Last night at bedtime when he remembered what the morning entailed, he started getting anxious, and doing what we call in our house awfulizing. Derin helped him with some reframes and turned out the lights, fingers crossed he’d be able to sleep.
He did. But when I woke him up, I instantly knew he wasn’t in a good space and I braced myself for some serious pushback. I was filled with the dread of what I just knew was coming—tense energy, fight or flight response, and all-around grumpiness, with me as the primary recipient. Before even a minute went by, I found myself already losing patience and frustrated with what I perceived as his default reaction of making a big deal out of something that wasn’t that big of a deal.
In other words, I was worried about how Asher’s allergy test was going to affect me and my day. (Not my best mama moment…)
Luckily, I realized this before he even jumped down from his top bunk and I managed to shift into empathy mode. I offered to make him a toasted bagel, suggested we take the tram to the appointment rather than bike in sub-freezing temperatures, remarked how responsible he was being by taking care of his body, and asked him if there was anything I could do to help make the morning easier for him.
For his part, he surprised me by moving out of defense mode and getting dressed without any big delays.
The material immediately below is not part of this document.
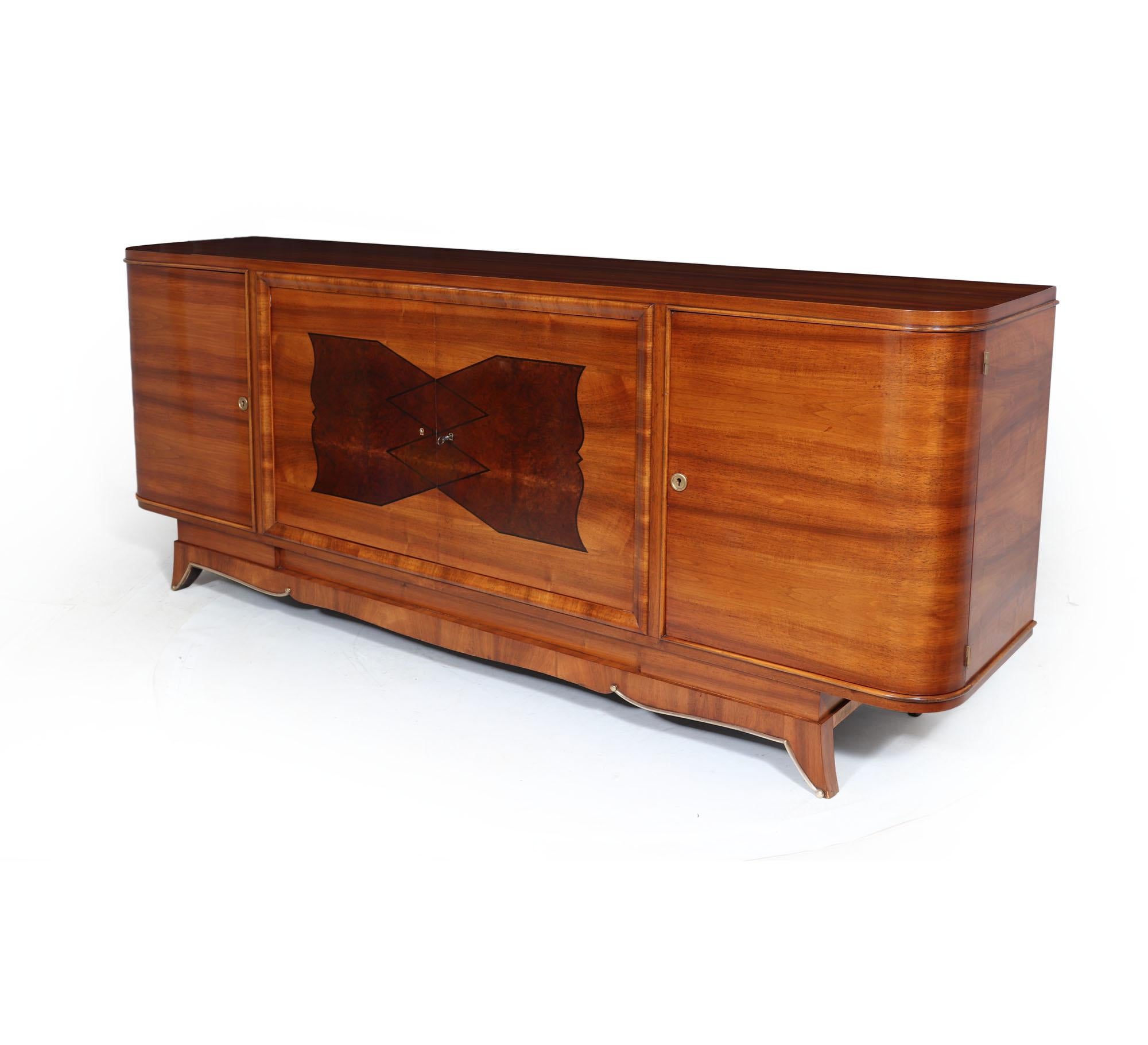 French, Art Deco Sideboard in Walnut For Sale 1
He happily read his Kindle while eating breakfast and, when he was finished, put on his shoes and coat without any reminders. And when it was time for those eleven pokes on the inside of his forearm to test for reactions to things like grass, dust, and cats, he bravely rolled up his sleeves and laid his arms out on the table.
Spoiler alert: The test wasn’t bad at all. He barely felt the pokes. He only reacted to one allergen…grass. And the rest of our morning went on as smoothly any morning would.
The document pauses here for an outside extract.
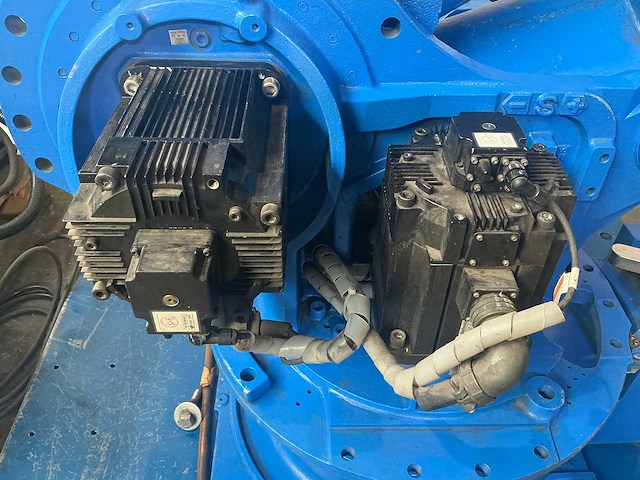 Yaskawa motoman - yr-es165n-b00 - robotic loader - 2005 - afbeelding 10 van  13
Though the allergy test didn’t reveal any life-changing information regarding Asher’s allergies, it did present yet another opportunity for me to get totally and completely schooled from a parenting POV. In fact, I can pinpoint as least three takeaways from this morning’s events:
One: While we frequently remind Asher of the dangers of “awfulizing,” that’s exactly what I was doing. I had jumped to a conclusion about how bad things were going to be today without any evidence. Had I not checked myself and shifted my thinking, I could have actually created the exact outcome I was trying to avoid.
Two: Asher’s emotions are his and absolutely valid. If I don’t like them, that’s on me. Had I allowed myself to get frustrated by Asher’s legitimate feelings (nervousness, fear, annoyance), I wouldn’t have been honoring his experience. And as a result, he would have missed out on the chance to develop some emotional literacy, gain self-knowledge, and feel good about his ability to get through the morning.
Three: Our kids are always growing. When we respond based on old patterns and behavior, we’re doing them (and ourselves) are great disservice. And in fact when we can recognize and acknowledge their growth, we’re helping them make deeper and positive neural connections.
As it turns out, growth begets growth. For our kids and for us.